L’Iran va-t-il abandonner le Hezbollah et le Hamas?

Le 7 octobre, les conservateurs ont exprimé leur colère après l’adoption du projet de loi, et des manifestants entonnaient «Mort aux traîtres» à l’extérieur du Parlement. Même si un précédent projet de loi sur les mécanismes de contrôle et de prévention du financement du terrorisme avait déjà été approuvé en août par le Conseil des Gardiens de la Constitution, ce nouveau texte divise profondément les députés iraniens.

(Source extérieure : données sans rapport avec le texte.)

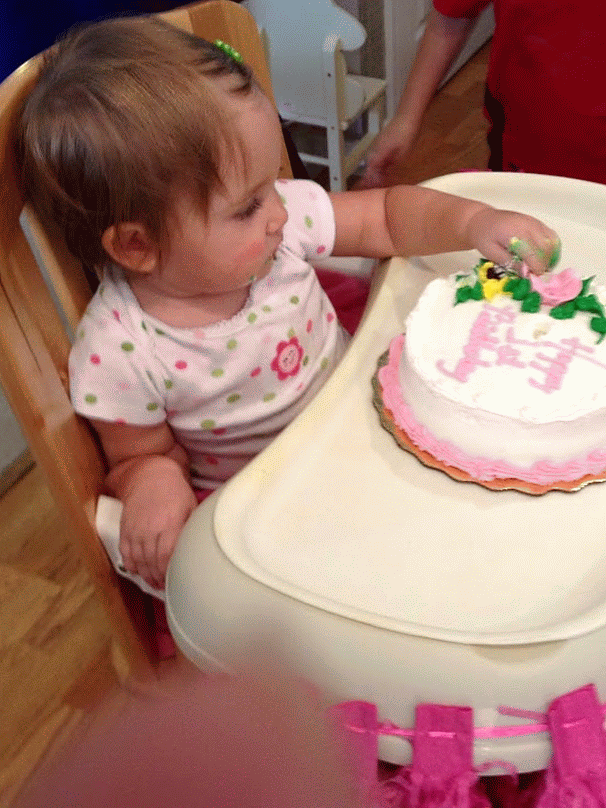 A Little Loughman Let Her Eat Cake!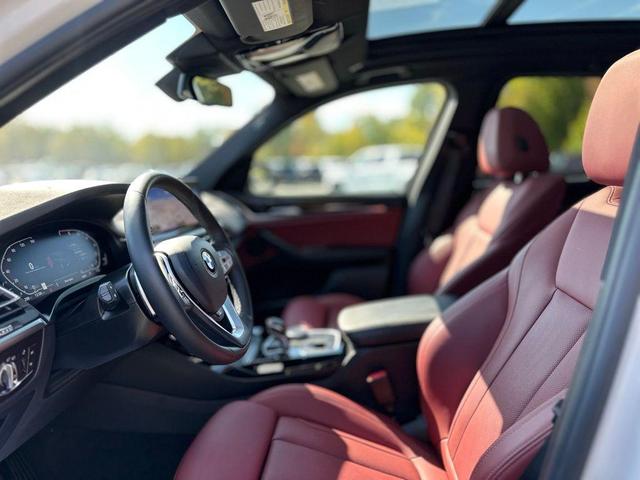 Photo of 2023 Mineral White Metallic BMW X3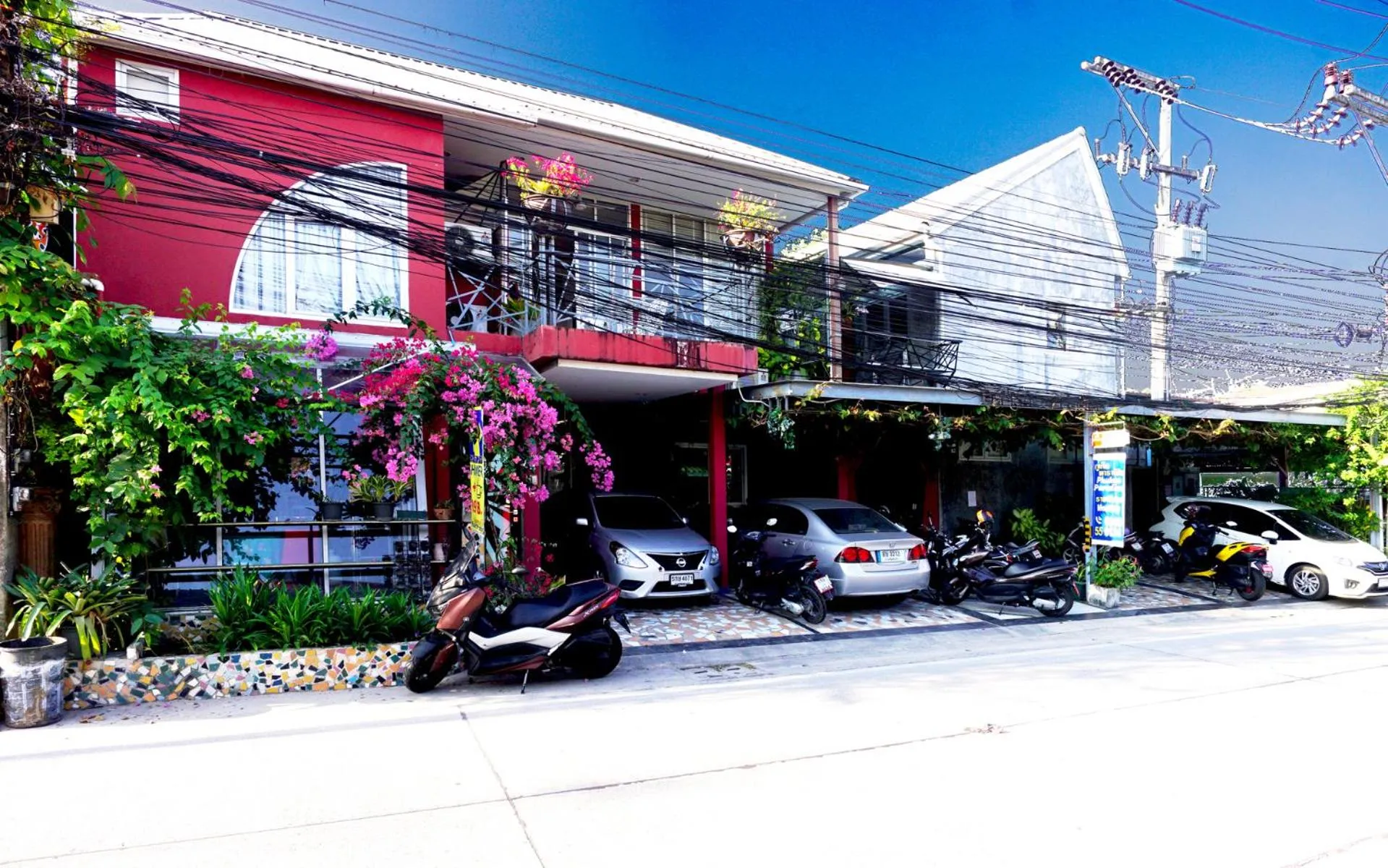 Property building in Phuket Paradiso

Pour certains de ses opposants, cette loi aura pour effet de stopper le soutien iranien au Hezbollah libanais et au Hamas palestinien, deux mouvements classés «terroristes» par les Etats-Unis. L’Union européenne considère pour sa part le Hamas et la branche armée du Hezbollah comme des organisations terroristes.

Toutefois, la crainte d’un arrêt du soutien au Hezbollah et au Hamas n’est pas partagée par Walid Charara, chercheur en relations internationales au centre consultatif pour les études et la recherche du Hezbollah. Contacté par RT France à ce sujet, celui-ci considère que lorsqu’on parle de terrorisme, il faut revenir aux définitions. «L’Iran n’a jamais considéré les mouvements du Hezbollah ou du Hamas comme des terroristes», rappelle-t-il. «Bien au contraire, ces organisations sont considérées par Téhéran comme des organisations de résistance. L’Iran a même des structures qui sont chargées de soutenir ces organisations. Il n’y a rien de secret là-dedans. Ce sont des liens, profonds, importants, et ça ne va pas changer», ajoute Walid Charara.

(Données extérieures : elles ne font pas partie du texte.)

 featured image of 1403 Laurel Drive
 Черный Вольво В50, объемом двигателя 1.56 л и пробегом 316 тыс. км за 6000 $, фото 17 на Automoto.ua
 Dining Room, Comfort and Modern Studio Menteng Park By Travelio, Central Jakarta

Cependant d’autres voix semblent moins tranquilles. Dans un débat houleux avant le vote, le député Mohammad Dehghan a estimé que ce projet de loi équivalait à «fournir à l’ennemi des renseignements secrets en temps de guerre», et que son adoption relevait de la «trahison». Cette loi contraindrait vraisemblablement l’Iran à plus de transparence internationale et pourrait, selon certains observateurs, nuire aux réseaux stratégiques opérant en coulisse.

«Pas le luxe de choisir»

L’adhésion aux recommandations du Gafi est l’une des conditions posées par cet organisme pour retirer Téhéran de sa liste noire des pays ou territoires non coopératifs. L’Iran et la Corée du Nord sont les deux seuls Etats à y figurer encore. Pour le député réformateur, Mohammad Feyzi, l’Iran n’a pas «le luxe de choisir» et des actions seront menées contre lui s’il refuse d’adhérer au Gafi. Le porte-parole de la commission parlementaire à l’origine du projet de loi, Ali Najafi, a assuré que l’Iran conserverait la capacité à se retirer à tout moment de la Convention onusienne si elle contrevient à ses intérêts.

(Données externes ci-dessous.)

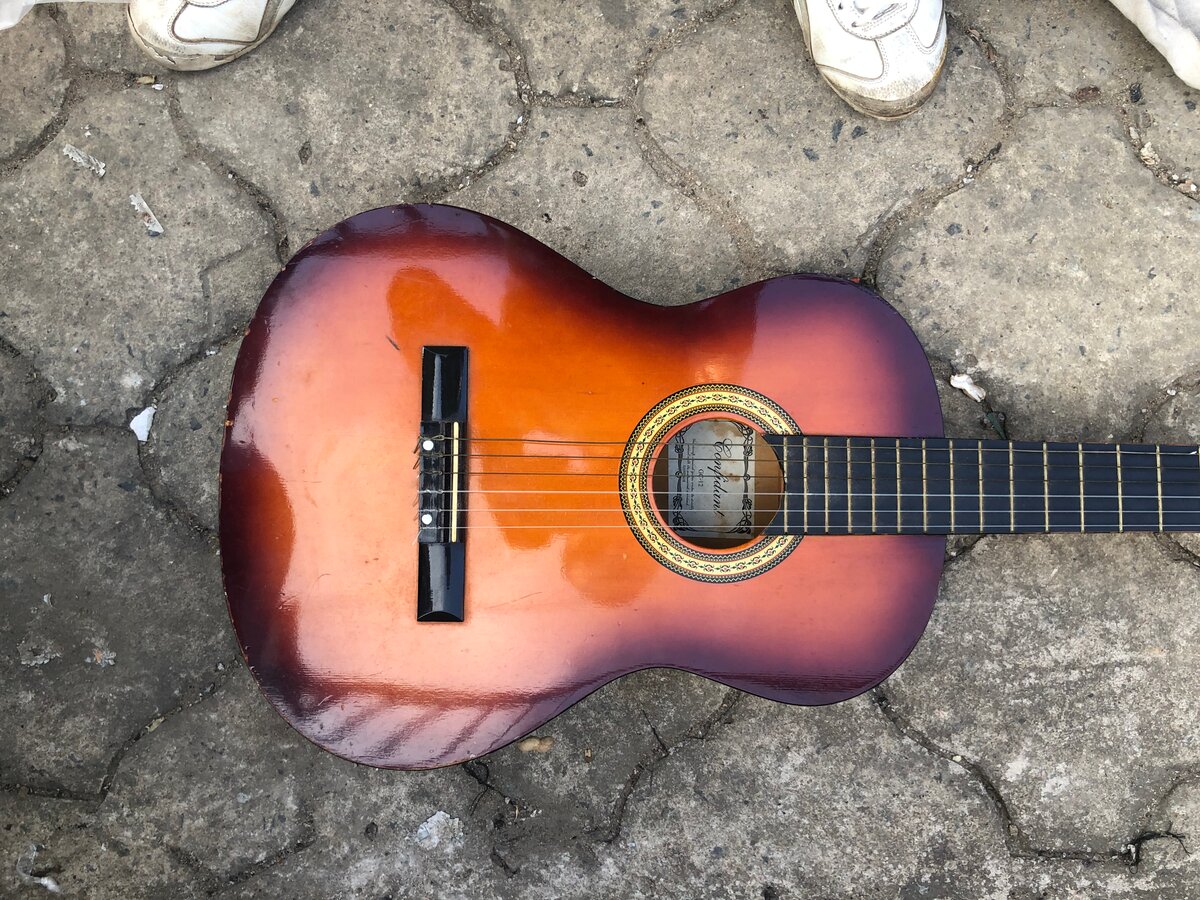 Guitare Classique en Bois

Une guerre de basse intensité

Pour Walid Charara, les sanctions et la pression internationale actuelles qui visent l’Iran se déroulent dans le contexte de ce qu’il qualifie de «guerre de basse intensité entre l’Iran et les Etats-Unis et entre l’Iran et Israël». Une guerre où l’utilisation des moyens militaires est limitée mais où la guerre de l’information et les stratégies de déstabilisation feraient rage. «C’est ce qu’on appelle une guerre hybride avec une multitude de moyens militaires et non militaires qui sont mis en place, sans confrontation militaire ouverte», explique le chercheur, qui estime toutefois que «le risque de guerre réelle est cependant très grand».